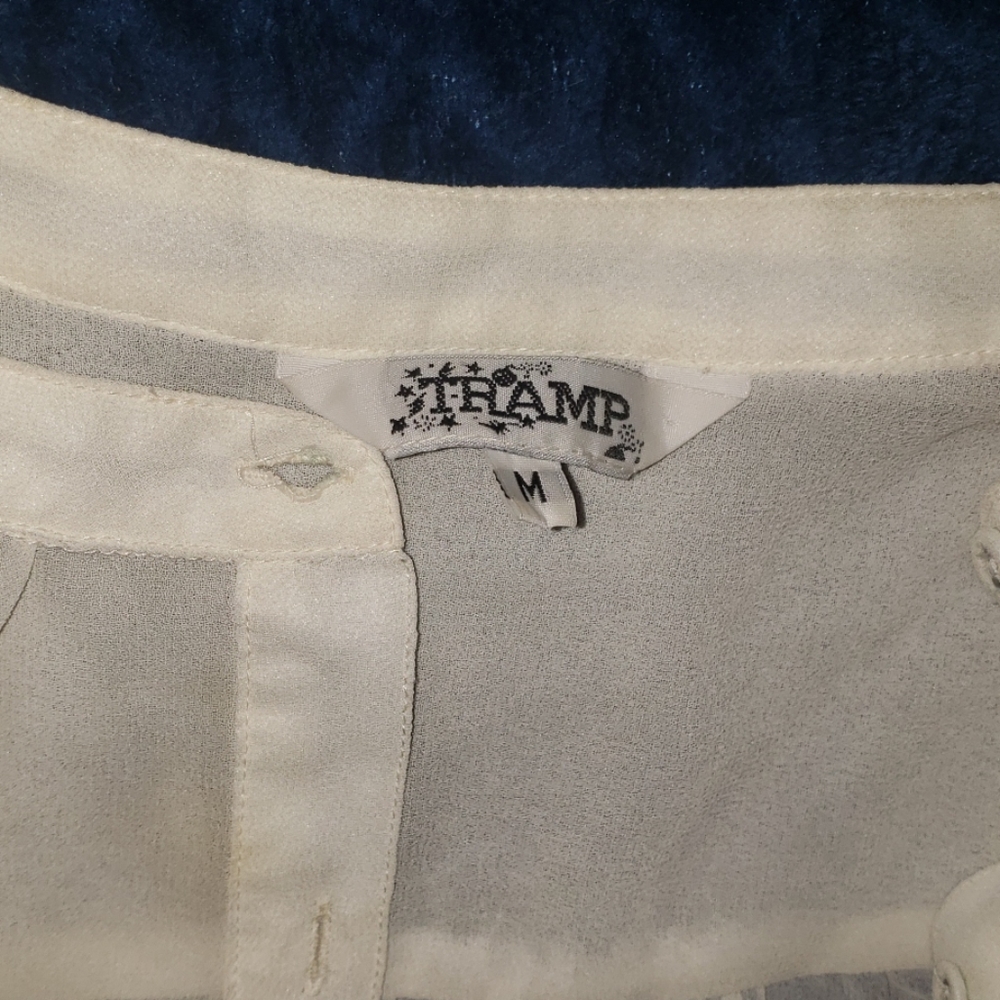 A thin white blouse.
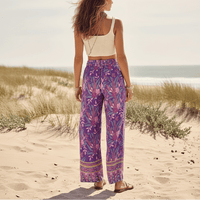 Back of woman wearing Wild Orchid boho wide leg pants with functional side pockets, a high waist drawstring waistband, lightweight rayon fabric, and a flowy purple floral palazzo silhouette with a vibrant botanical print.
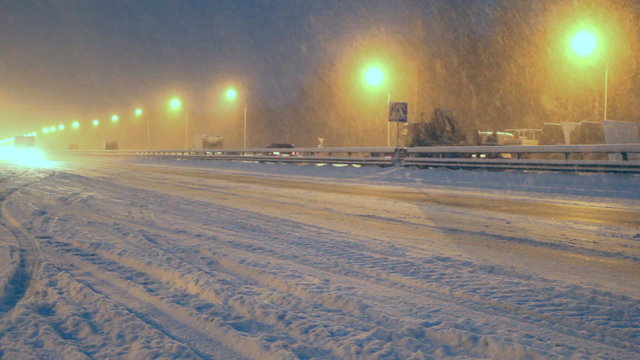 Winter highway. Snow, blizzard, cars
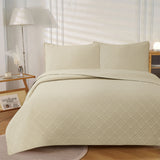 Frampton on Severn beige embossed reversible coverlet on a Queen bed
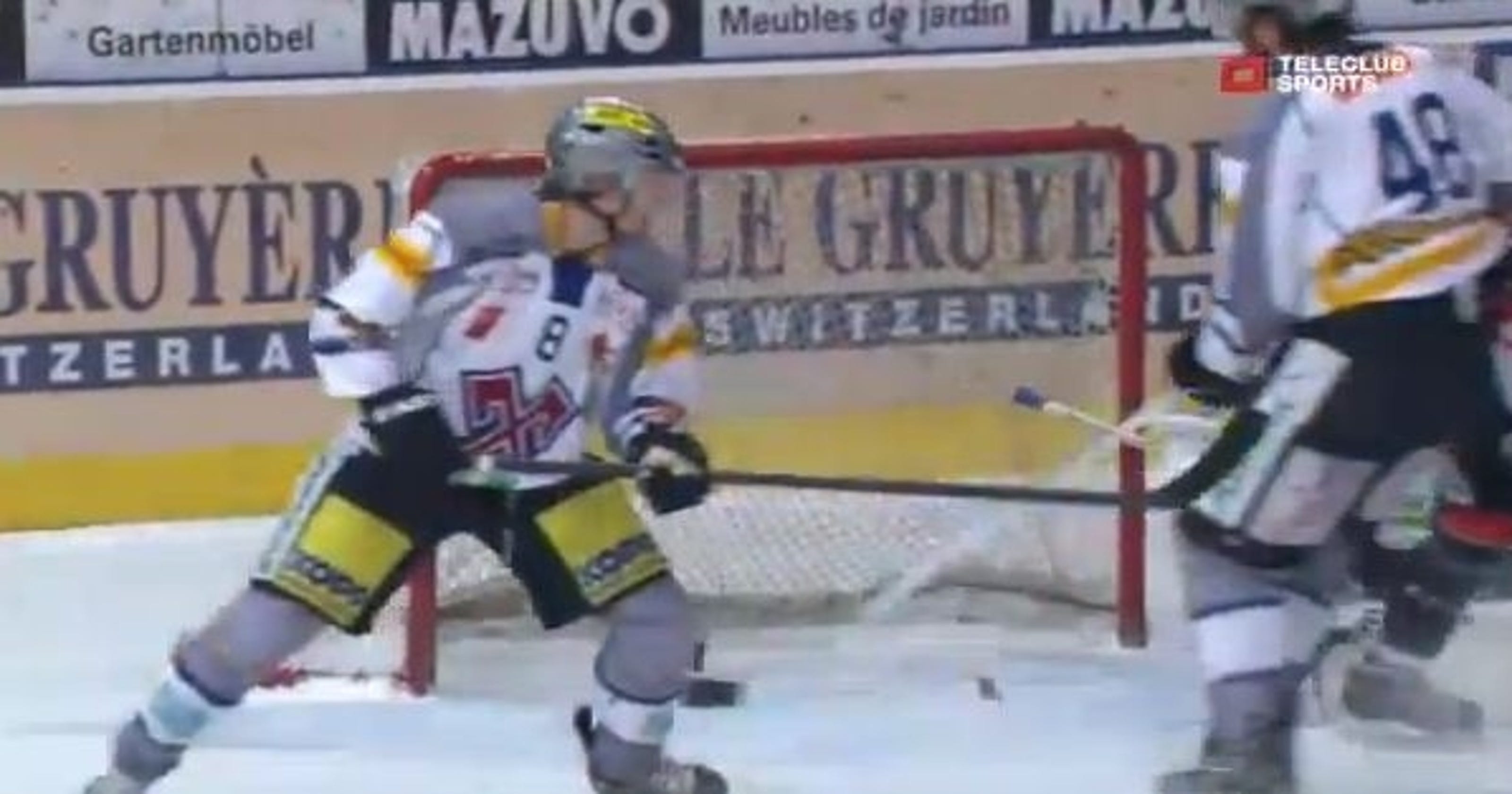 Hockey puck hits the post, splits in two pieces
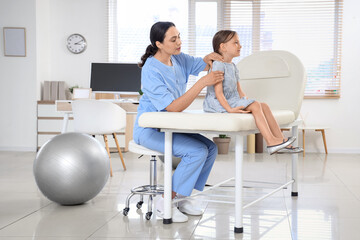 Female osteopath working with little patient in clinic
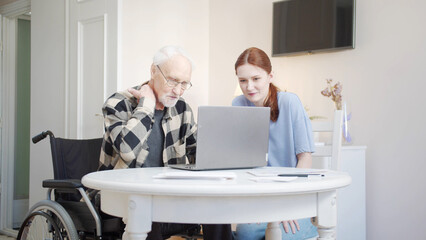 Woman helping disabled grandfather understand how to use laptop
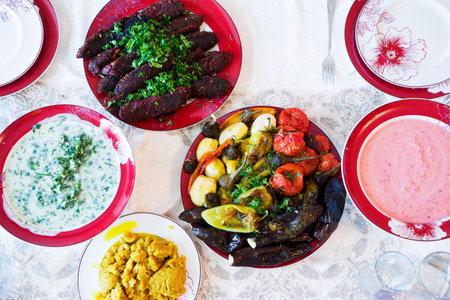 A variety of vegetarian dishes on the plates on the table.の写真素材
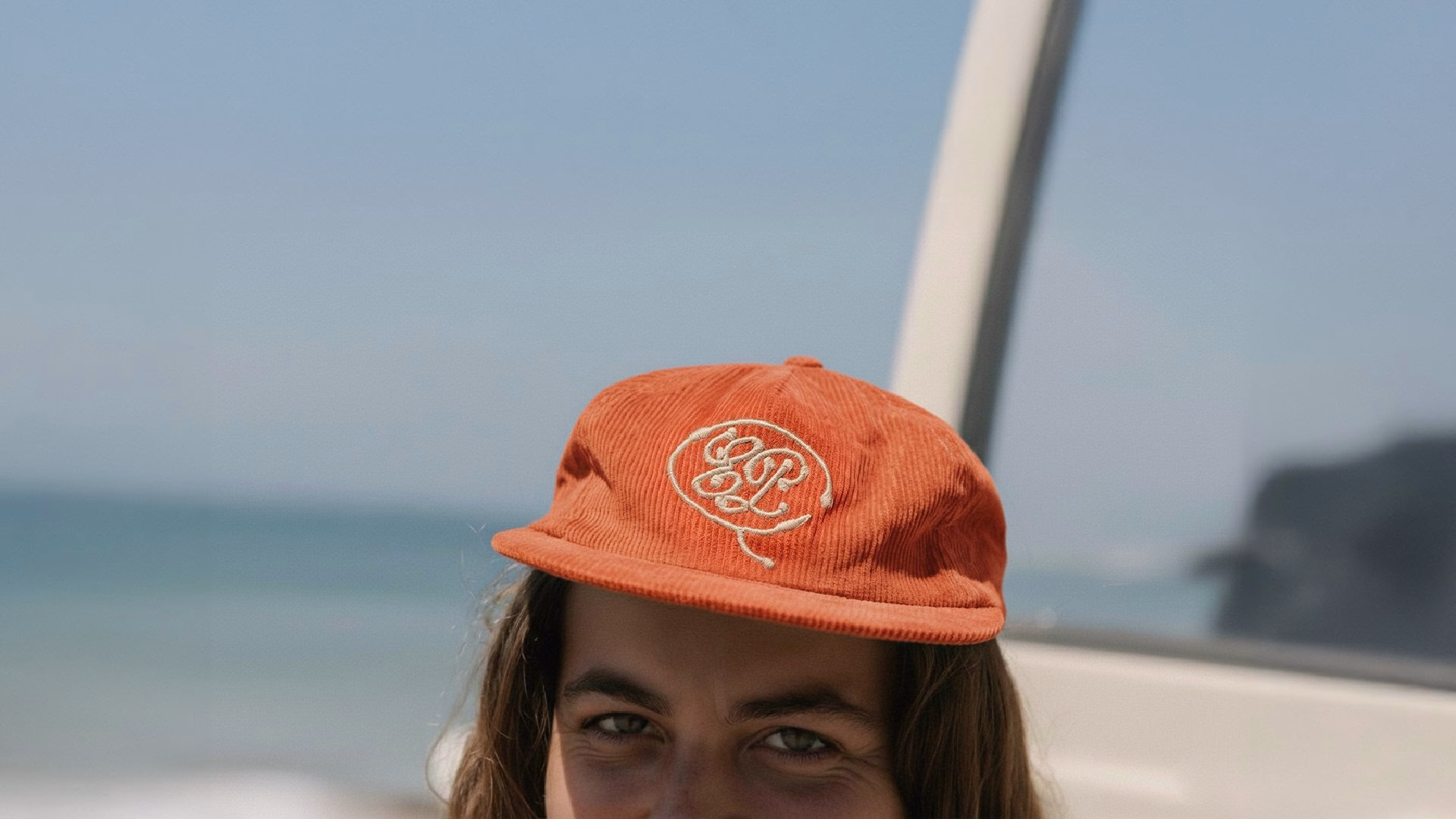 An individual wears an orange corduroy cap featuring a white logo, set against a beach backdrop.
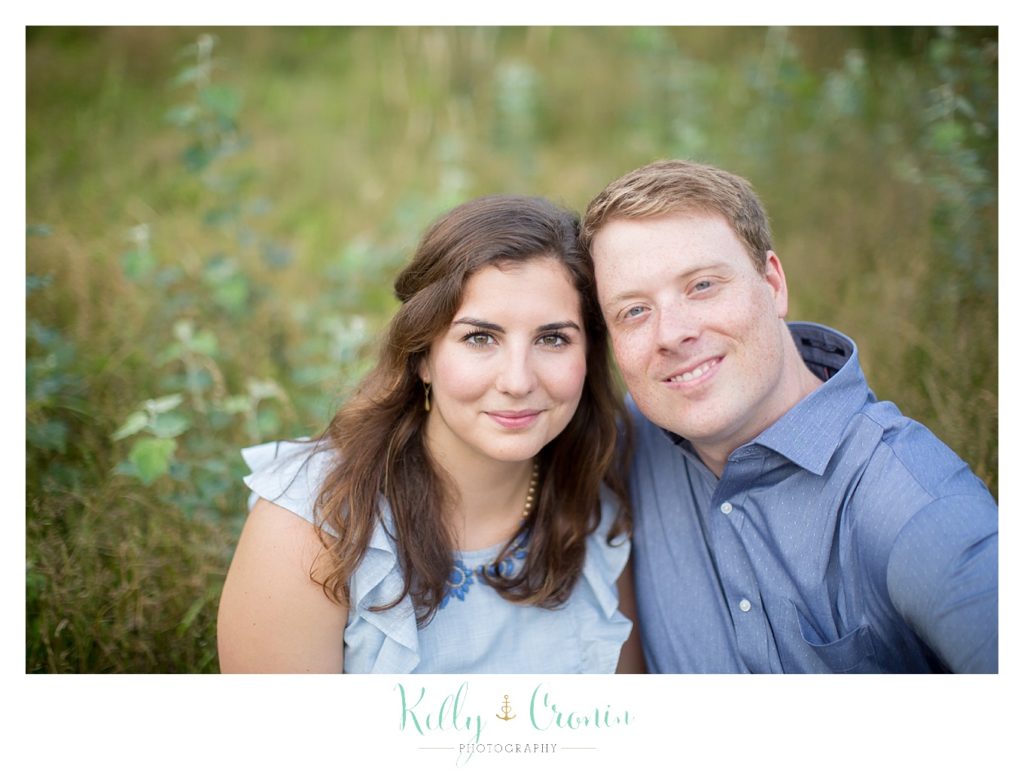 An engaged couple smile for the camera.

---------------

Reproduce exactly, without any picture, the lines from the one bearing "Frampton on Severn" to the last line of the records above.

 Frampton on Severn beige embossed reversible coverlet on a Queen bed
 Hockey puck hits the post, splits in two pieces
 Female osteopath working with little patient in clinic
 Woman helping disabled grandfather understand how to use laptop
 A variety of vegetarian dishes on the plates on the table.の写真素材
 An individual wears an orange corduroy cap featuring a white logo, set against a beach backdrop.
 An engaged couple smile for the camera.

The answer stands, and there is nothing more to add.